Go to the line containing "Vox llame a" in the records below and print it and every following line exactly, on through the line containing "Buy Fabindia White", then stop.

|---|

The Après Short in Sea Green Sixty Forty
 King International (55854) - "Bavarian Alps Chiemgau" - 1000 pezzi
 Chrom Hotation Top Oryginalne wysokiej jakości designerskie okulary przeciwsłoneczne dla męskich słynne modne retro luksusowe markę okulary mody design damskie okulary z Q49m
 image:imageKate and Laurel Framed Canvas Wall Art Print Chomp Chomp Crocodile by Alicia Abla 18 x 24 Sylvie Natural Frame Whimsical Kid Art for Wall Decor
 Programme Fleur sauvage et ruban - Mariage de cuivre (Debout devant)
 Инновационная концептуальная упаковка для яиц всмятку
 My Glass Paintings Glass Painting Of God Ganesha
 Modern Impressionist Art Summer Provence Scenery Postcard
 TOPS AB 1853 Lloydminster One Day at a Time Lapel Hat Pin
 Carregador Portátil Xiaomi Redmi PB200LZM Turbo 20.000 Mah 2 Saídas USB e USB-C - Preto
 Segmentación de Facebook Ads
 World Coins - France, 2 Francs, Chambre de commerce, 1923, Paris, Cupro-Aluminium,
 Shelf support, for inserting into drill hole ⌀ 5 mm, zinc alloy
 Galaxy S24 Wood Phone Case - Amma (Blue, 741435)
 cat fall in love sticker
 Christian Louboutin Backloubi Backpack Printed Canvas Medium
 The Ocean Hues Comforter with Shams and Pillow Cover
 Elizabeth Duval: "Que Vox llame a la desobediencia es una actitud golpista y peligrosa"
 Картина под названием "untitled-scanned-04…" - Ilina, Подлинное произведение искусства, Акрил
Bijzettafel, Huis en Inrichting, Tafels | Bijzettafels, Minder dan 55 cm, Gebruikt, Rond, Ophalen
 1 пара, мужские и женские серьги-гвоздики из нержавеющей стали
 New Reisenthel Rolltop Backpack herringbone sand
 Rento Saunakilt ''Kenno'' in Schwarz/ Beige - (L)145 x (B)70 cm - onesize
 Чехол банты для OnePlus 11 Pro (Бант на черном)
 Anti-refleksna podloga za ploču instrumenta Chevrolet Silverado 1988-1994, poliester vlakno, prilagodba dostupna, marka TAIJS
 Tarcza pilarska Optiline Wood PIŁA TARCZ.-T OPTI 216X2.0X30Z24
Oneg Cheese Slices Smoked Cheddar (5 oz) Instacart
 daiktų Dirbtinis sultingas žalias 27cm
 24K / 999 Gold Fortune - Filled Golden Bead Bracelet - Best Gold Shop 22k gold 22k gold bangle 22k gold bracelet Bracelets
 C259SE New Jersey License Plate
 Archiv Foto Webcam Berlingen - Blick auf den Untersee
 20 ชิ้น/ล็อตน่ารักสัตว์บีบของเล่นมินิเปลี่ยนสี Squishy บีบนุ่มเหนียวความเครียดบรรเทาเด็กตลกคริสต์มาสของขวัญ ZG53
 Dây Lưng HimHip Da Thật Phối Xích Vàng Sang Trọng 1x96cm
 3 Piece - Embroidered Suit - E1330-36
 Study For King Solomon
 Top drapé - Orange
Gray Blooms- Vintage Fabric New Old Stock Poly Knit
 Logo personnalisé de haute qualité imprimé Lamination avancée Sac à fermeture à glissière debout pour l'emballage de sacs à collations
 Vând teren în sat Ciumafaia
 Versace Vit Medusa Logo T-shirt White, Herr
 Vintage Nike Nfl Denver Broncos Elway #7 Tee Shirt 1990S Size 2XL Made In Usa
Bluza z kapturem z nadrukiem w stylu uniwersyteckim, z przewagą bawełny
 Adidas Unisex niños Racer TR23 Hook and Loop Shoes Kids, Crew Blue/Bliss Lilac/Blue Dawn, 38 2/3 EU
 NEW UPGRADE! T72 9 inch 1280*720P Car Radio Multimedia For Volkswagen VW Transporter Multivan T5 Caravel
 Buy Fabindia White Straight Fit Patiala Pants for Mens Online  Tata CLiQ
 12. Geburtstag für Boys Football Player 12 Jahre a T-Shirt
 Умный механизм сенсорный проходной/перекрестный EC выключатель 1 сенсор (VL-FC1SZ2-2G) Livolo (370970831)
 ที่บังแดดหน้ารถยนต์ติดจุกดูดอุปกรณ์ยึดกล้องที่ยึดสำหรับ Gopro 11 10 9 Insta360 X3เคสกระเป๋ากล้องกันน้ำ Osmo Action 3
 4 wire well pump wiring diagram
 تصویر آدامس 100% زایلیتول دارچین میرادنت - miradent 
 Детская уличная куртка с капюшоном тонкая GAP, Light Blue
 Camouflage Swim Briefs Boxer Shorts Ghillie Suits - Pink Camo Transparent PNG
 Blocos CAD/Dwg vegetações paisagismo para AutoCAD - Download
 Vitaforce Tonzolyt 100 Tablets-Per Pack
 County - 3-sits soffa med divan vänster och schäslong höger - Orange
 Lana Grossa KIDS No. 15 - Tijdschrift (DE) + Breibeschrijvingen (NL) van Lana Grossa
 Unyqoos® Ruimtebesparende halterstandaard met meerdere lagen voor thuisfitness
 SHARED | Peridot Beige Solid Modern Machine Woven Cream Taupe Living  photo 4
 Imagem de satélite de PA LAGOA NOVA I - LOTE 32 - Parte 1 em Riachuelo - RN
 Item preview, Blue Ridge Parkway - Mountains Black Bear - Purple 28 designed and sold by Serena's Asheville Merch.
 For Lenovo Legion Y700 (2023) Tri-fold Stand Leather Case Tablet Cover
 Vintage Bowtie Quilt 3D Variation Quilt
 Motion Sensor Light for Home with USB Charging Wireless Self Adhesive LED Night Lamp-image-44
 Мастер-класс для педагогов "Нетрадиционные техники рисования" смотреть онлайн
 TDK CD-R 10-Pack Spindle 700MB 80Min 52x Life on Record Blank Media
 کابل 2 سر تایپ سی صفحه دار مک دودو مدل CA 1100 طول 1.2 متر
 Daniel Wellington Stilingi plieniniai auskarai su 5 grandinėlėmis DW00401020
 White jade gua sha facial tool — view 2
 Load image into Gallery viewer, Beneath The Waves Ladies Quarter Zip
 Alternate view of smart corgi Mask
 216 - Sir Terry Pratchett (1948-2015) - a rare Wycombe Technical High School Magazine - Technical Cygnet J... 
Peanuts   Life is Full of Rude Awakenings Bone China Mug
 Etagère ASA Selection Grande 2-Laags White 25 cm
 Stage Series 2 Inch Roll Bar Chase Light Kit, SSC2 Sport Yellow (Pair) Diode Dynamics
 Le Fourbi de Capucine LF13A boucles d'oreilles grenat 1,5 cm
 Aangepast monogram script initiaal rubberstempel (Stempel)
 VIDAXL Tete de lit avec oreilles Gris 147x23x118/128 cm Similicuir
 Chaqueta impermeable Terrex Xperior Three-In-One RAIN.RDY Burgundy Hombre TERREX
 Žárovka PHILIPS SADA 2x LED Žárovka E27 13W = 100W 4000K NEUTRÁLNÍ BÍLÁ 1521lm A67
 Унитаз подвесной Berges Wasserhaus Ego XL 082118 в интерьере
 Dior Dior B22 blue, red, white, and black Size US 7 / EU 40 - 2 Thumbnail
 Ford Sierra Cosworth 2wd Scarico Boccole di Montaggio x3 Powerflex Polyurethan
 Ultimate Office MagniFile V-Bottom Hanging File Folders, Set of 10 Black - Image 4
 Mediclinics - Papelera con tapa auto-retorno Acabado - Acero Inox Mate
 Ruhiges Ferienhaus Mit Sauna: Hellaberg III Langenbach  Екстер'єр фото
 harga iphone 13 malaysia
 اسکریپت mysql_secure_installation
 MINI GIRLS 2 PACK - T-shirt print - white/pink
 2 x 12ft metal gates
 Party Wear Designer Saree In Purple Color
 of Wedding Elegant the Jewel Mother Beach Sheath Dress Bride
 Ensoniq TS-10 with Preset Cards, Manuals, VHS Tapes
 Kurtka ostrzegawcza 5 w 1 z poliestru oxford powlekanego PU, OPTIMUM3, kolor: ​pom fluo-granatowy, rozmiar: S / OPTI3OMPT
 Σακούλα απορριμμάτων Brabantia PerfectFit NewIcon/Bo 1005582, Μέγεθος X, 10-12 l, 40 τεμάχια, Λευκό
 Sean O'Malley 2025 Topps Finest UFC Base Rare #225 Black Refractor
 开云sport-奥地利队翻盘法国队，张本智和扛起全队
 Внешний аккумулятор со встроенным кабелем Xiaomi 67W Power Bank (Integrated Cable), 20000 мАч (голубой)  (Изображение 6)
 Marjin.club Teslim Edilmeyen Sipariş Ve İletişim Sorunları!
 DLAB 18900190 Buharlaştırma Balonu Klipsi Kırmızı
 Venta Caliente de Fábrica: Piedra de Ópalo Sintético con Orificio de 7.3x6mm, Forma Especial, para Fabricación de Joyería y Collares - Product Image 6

|---|

:: TASK RESPONSE ::
 Elizabeth Duval: "Que Vox llame a la desobediencia es una actitud golpista y peligrosa"
 Картина под названием "untitled-scanned-04…" - Ilina, Подлинное произведение искусства, Акрил
Bijzettafel, Huis en Inrichting, Tafels | Bijzettafels, Minder dan 55 cm, Gebruikt, Rond, Ophalen
 1 пара, мужские и женские серьги-гвоздики из нержавеющей стали
 New Reisenthel Rolltop Backpack herringbone sand
 Rento Saunakilt ''Kenno'' in Schwarz/ Beige - (L)145 x (B)70 cm - onesize
 Чехол банты для OnePlus 11 Pro (Бант на черном)
 Anti-refleksna podloga za ploču instrumenta Chevrolet Silverado 1988-1994, poliester vlakno, prilagodba dostupna, marka TAIJS
 Tarcza pilarska Optiline Wood PIŁA TARCZ.-T OPTI 216X2.0X30Z24
Oneg Cheese Slices Smoked Cheddar (5 oz) Instacart
 daiktų Dirbtinis sultingas žalias 27cm
 24K / 999 Gold Fortune - Filled Golden Bead Bracelet - Best Gold Shop 22k gold 22k gold bangle 22k gold bracelet Bracelets
 C259SE New Jersey License Plate
 Archiv Foto Webcam Berlingen - Blick auf den Untersee
 20 ชิ้น/ล็อตน่ารักสัตว์บีบของเล่นมินิเปลี่ยนสี Squishy บีบนุ่มเหนียวความเครียดบรรเทาเด็กตลกคริสต์มาสของขวัญ ZG53
 Dây Lưng HimHip Da Thật Phối Xích Vàng Sang Trọng 1x96cm
 3 Piece - Embroidered Suit - E1330-36
 Study For King Solomon
 Top drapé - Orange
Gray Blooms- Vintage Fabric New Old Stock Poly Knit
 Logo personnalisé de haute qualité imprimé Lamination avancée Sac à fermeture à glissière debout pour l'emballage de sacs à collations
 Vând teren în sat Ciumafaia
 Versace Vit Medusa Logo T-shirt White, Herr
 Vintage Nike Nfl Denver Broncos Elway #7 Tee Shirt 1990S Size 2XL Made In Usa
Bluza z kapturem z nadrukiem w stylu uniwersyteckim, z przewagą bawełny
 Adidas Unisex niños Racer TR23 Hook and Loop Shoes Kids, Crew Blue/Bliss Lilac/Blue Dawn, 38 2/3 EU
 NEW UPGRADE! T72 9 inch 1280*720P Car Radio Multimedia For Volkswagen VW Transporter Multivan T5 Caravel
 Buy Fabindia White Straight Fit Patiala Pants for Mens Online  Tata CLiQ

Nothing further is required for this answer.